The release of Georges Abdallah was decided on July 17, after more than 40 years of detention. And even if we will only be truly relieved when Georges arrives in his native Lebanon, the event compels us to say a few words.
When the campaign for Georges Abdallah’s release was launched over 20 years ago, the various structures of the International Red Help could not have imagined the length of a struggle that would become formative for us, although it began with just a few modest actions aimed simply at making Georges and his cause known.

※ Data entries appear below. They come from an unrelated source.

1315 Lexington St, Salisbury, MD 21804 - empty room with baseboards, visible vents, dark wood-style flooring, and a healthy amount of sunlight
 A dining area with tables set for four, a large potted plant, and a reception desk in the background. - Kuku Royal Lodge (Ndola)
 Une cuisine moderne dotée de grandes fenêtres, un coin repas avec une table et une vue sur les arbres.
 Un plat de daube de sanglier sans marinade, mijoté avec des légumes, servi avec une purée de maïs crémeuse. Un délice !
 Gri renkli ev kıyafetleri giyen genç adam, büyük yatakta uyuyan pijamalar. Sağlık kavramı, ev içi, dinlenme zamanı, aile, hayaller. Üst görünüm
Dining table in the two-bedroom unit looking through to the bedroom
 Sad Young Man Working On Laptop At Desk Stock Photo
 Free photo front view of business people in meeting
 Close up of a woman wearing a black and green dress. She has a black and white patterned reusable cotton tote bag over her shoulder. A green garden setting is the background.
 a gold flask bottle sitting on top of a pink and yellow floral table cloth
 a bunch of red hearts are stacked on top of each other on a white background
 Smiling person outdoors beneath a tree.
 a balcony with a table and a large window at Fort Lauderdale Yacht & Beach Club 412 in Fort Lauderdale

The mobilization campaign seemed to follow the usual pattern. First spreading within revolutionary circles, it eventually reached broader forces of the reformist and democratic left. This expansion, reflected in hundreds of demonstrations and thousands of initiatives, can be explained by three elements:
- Firstly, by the obviously political nature of Georges’s detention. We won’t revisit every episode in which the French justice system trampled on all the values, rules, and principles it claims to uphold—starting with the separation of powers—in order to prolong this detention as an expression of the French state’s support and complicity for Zionist and imperialist aggression.
- Secondly, by those very Zionist and imperialist aggressions, those endless massacres of which the ongoing genocide in Gaza is only the latest example. This string of tragedies constantly reminded us over the years of the legitimacy of the Palestinian resistance to which Georges belongs.
- Lastly, by Georges’s own resistance—by the way he rejected every form of blackmail for repentance, by the way he endured every hardship of an interminable detention, and by the way he kept alive the historical propositions of the Arab revolutionary left: a free, secular, and democratic Palestine from the river to the sea. Moreover, he has always defended the liberation of Palestine as an integral part of the struggle for a communist and internationalist perspective.
This courage and determination were not only an encouragement to the movement demanding his release. Georges has offered multiple generations of militants a tremendous example of resistance—an active, daily resistance that not only stood firm in its positions but also knew how to connect with the struggles that emerged after his arrest.
Throughout all these years, Georges has nourished and inspired our struggles. So for all of that, with all our heart, thank you Georges Abdallah, thank you and welcome home.